A long time ago I wrote a play for Redlight Theatre in Toronto, Canada with some terrifically talented actors. The cast members and I were to share royalities. The play was published and we thought the money would come trickling in. Sigh. Not even a trickle.
So, I was bowled over this week to hear that a company in Pickering, Ontario had just produced it! I got a royalty check! But I had a problem. “Where,” I said to myself, “has everybody gone?”
I started looking. And remembering.
The play was originally called What Glorious Times They Had and was changed to Nellie! How The Women Won The Vote. I’m sorry that the title was changed. I think that What Glorious Times tells the story better.
Set in 1914-1916 in Manitoba, Canada, at the headquarters of the Political Equality League, it’s about a group of women dedicated to winning the vote for women, led by a Canadian heroine, Nellie McClung.
She was more than able to lead. A teacher who once taught all eight grades in a rural school, she wrote sixteen novels, was a popular speaker and in twenty years, spoke at over four hundred public meetings, sometimes speaking three times a day. She was the only woman delegate to the League of Nations in 1938. And she had five children.
I researched her work and the suffragist movement for a long time, making notes on 3 by 5 cards and putting them on a corkboard. (This was a while ago, wasn’t it?) When I found a quote from the Elections Act of Canada, “No woman, idiot, lunatic or woman shall vote,” we knew where we were going and were off and running.
Building a play from research and improv is so exciting. It’s frustrating and difficult, too, but when you find a solution to the seemingly insolvable, it makes your day or week or month.

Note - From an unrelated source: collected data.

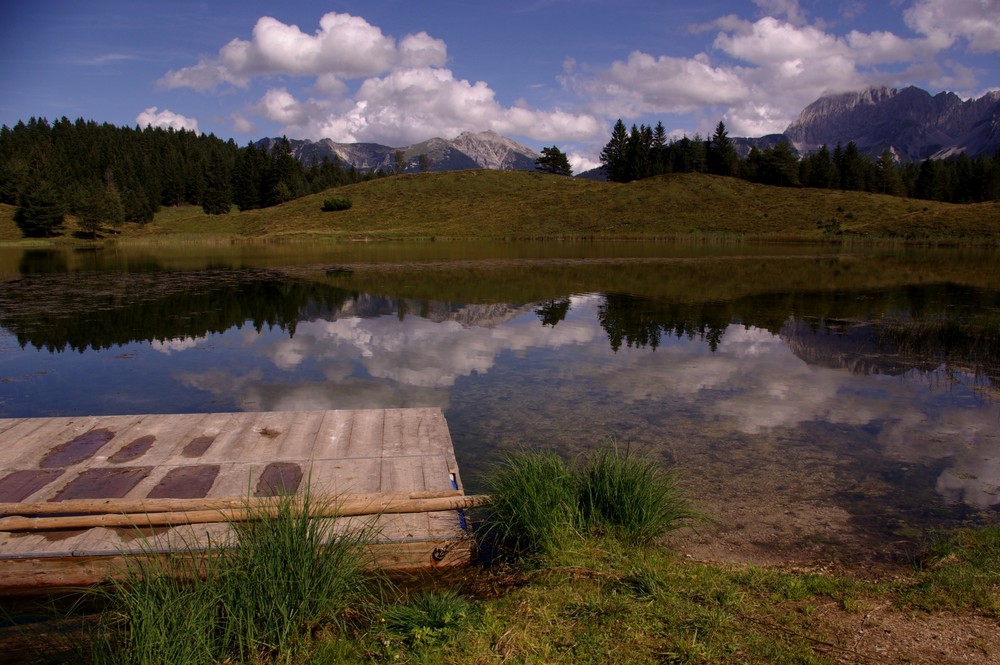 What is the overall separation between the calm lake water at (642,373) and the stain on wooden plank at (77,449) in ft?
8.11

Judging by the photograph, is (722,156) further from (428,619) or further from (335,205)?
(428,619)

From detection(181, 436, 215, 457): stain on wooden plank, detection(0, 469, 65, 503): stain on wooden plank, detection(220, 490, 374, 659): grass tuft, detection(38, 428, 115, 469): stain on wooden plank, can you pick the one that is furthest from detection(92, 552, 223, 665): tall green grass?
detection(38, 428, 115, 469): stain on wooden plank

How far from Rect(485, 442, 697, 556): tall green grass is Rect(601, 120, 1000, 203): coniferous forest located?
10788cm

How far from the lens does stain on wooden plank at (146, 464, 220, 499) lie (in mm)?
7145

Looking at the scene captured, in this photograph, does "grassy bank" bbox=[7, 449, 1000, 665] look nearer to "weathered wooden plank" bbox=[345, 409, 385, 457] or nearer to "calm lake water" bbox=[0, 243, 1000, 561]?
"calm lake water" bbox=[0, 243, 1000, 561]


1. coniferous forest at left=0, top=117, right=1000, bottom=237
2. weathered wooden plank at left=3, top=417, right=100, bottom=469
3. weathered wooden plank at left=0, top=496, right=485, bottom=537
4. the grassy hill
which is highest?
coniferous forest at left=0, top=117, right=1000, bottom=237

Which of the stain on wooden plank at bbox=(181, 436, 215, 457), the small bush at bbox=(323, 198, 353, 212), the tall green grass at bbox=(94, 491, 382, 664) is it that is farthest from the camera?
the small bush at bbox=(323, 198, 353, 212)

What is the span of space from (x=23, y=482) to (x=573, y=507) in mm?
6616

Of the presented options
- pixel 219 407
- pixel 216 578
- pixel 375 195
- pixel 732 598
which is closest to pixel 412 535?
pixel 216 578

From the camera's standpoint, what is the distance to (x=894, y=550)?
21.4 ft

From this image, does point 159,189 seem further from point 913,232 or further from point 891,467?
point 891,467

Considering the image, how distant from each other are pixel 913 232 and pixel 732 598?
77822 mm

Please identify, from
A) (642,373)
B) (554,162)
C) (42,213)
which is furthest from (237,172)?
(642,373)

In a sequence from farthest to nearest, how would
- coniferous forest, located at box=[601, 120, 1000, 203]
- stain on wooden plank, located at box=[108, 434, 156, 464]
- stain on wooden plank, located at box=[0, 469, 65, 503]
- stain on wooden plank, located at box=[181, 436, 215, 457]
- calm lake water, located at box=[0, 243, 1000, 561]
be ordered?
coniferous forest, located at box=[601, 120, 1000, 203] → stain on wooden plank, located at box=[181, 436, 215, 457] → stain on wooden plank, located at box=[108, 434, 156, 464] → calm lake water, located at box=[0, 243, 1000, 561] → stain on wooden plank, located at box=[0, 469, 65, 503] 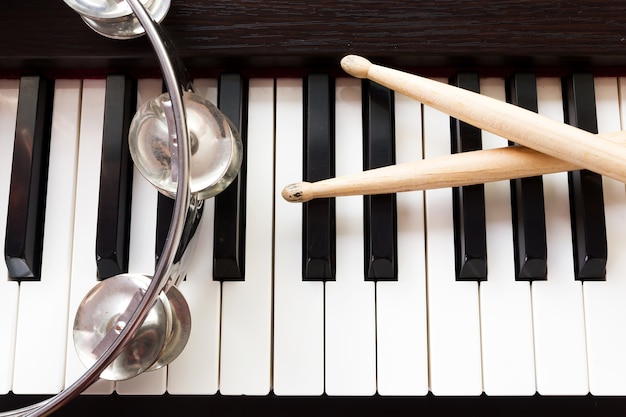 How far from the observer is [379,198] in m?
0.72

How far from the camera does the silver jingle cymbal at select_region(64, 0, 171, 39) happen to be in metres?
0.65

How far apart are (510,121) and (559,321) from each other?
26 cm

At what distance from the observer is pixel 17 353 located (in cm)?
72

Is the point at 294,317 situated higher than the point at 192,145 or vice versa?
the point at 192,145

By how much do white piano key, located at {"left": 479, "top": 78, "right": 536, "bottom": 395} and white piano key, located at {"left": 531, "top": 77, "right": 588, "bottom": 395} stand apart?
0.01 m

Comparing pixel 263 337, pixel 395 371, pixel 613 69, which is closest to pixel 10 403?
→ pixel 263 337

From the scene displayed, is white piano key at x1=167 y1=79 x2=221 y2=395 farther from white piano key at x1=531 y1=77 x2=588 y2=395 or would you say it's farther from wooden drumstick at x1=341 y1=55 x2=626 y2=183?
white piano key at x1=531 y1=77 x2=588 y2=395

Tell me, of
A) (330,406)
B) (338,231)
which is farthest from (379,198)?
(330,406)

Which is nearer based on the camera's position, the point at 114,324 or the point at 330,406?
the point at 114,324

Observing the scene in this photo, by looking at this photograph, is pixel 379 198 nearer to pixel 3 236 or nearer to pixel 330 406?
pixel 330 406

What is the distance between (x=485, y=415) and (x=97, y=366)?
0.47 metres

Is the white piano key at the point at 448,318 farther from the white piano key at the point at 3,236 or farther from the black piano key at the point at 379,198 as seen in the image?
the white piano key at the point at 3,236

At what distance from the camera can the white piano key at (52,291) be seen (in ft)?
2.35

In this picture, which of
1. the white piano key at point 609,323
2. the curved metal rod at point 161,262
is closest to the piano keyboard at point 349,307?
the white piano key at point 609,323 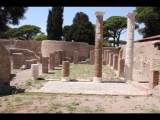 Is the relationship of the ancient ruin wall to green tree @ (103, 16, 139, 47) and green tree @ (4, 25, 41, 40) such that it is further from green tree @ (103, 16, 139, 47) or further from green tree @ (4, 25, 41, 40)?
green tree @ (4, 25, 41, 40)

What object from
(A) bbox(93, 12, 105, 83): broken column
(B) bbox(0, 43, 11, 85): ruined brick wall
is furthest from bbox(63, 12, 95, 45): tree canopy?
(B) bbox(0, 43, 11, 85): ruined brick wall

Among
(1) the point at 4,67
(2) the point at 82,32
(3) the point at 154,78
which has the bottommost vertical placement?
(3) the point at 154,78

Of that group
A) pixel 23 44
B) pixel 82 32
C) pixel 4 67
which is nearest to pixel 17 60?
pixel 4 67

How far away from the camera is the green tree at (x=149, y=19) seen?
26.3 metres

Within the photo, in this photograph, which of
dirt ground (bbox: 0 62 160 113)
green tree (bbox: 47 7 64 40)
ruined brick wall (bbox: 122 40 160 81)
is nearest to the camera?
dirt ground (bbox: 0 62 160 113)

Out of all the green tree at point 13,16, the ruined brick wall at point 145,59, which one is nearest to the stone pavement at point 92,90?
the ruined brick wall at point 145,59

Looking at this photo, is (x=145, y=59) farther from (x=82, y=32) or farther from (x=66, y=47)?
(x=82, y=32)

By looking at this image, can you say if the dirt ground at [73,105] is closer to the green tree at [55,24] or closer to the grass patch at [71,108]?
the grass patch at [71,108]

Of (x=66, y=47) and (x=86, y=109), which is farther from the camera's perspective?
(x=66, y=47)

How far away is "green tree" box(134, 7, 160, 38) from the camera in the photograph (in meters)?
26.3

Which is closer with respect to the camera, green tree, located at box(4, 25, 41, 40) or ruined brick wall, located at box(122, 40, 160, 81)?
ruined brick wall, located at box(122, 40, 160, 81)

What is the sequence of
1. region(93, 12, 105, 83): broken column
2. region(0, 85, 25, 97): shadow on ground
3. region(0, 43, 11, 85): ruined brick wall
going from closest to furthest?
region(0, 85, 25, 97): shadow on ground → region(0, 43, 11, 85): ruined brick wall → region(93, 12, 105, 83): broken column

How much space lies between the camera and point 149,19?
90.4 ft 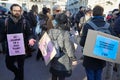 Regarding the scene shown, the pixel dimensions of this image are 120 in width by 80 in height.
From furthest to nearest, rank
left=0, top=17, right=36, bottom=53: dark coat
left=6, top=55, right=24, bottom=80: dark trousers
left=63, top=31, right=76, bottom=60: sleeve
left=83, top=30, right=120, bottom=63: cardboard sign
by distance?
left=6, top=55, right=24, bottom=80: dark trousers
left=0, top=17, right=36, bottom=53: dark coat
left=63, top=31, right=76, bottom=60: sleeve
left=83, top=30, right=120, bottom=63: cardboard sign

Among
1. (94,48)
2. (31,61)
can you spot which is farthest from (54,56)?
(31,61)

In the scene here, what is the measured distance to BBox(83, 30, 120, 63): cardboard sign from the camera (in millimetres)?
5684

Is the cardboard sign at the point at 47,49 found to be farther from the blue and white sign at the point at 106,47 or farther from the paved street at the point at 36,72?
the paved street at the point at 36,72

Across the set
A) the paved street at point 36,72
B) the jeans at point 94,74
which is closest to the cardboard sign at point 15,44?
the jeans at point 94,74

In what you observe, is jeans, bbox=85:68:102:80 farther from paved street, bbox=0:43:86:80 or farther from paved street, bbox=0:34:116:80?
paved street, bbox=0:43:86:80

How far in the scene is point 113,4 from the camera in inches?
1980

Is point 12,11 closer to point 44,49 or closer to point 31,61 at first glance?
point 44,49

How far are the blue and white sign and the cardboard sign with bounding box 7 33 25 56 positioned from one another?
163 cm

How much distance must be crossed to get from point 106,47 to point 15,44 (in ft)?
6.15

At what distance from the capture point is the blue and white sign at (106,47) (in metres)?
5.70

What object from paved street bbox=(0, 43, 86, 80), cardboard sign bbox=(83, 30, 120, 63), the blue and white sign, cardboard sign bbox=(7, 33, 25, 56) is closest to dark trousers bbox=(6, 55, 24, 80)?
cardboard sign bbox=(7, 33, 25, 56)

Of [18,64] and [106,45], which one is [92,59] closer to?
[106,45]

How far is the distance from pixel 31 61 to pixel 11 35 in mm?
4406

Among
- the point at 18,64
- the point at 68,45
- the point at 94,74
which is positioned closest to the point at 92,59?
the point at 94,74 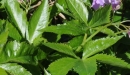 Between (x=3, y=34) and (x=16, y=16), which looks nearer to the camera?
(x=3, y=34)

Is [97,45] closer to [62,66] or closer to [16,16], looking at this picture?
[62,66]

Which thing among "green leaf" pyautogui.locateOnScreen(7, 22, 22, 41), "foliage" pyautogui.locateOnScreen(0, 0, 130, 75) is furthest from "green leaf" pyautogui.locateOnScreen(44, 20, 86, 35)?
"green leaf" pyautogui.locateOnScreen(7, 22, 22, 41)

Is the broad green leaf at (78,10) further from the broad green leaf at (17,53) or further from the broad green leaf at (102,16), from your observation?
the broad green leaf at (17,53)

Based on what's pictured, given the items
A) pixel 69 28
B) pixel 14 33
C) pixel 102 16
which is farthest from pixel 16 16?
pixel 102 16

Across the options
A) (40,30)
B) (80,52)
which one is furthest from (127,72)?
(40,30)

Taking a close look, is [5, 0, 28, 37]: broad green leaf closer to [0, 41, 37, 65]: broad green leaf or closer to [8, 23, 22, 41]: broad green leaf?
[8, 23, 22, 41]: broad green leaf

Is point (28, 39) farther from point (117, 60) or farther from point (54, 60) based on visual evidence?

We put things in, threw things out, and had a long, productive rehearsal period. We six actors, four women and two men, amused, played off of and with each other and became a close cohesive group. We created a cast of thousands, (well, dozens) with the help of very talented violinist, who tied all the scenes together. (I still can’t hear Meditation from Thais without thinking of the time.)
Creating the illusion of a factory with three women, some chairs and a violin was tough but it worked and turned out to be one of the best scenes in the show. We also came up with a train, a Pierce Arrow touring car, the Houses of Parliament and more, all connected by an ingenious lighting plot by our great woman techie.
The suffragists were all involved with the Women’s Christian Temperance Union, so necessary in a time when the liquor industry was unregulated and domestic violence wasn’t recognized. My aunt, Edna Fay Grant, who was the Canadian National Secretary of the WCTU, gave me its songbook to use. It had lovely, lively songs, some taken from hymns, easy to harmonize with, and perfect for carrying the theme of the play.
I had a video of one of the earlier versions which Costco turned into a flickering DVD and what came through was the music we made out of the temperance songs, comic songs of the times, a barbershop quartet and a moving rendition of Whispering Hope.
We could play on a proscenium, a thrust or in the round, and when touring, did all of that. We toured Canada twice with the play, (with slightly different casts) first traveling East to Newfoundland, flying in to St. John’s at the height of winter. (I noticed when we prepared for landing, all the flight attendants were holding their breaths.) We set up in schools and auditoriums and wherever people wanted us to. And we had fun.
I’ve made contact with three of the players and they are now helping me to track down the other two so I can put the checks in the mail. I’m looking forward to that. It’s a way of saying, “Thanks for the memories.”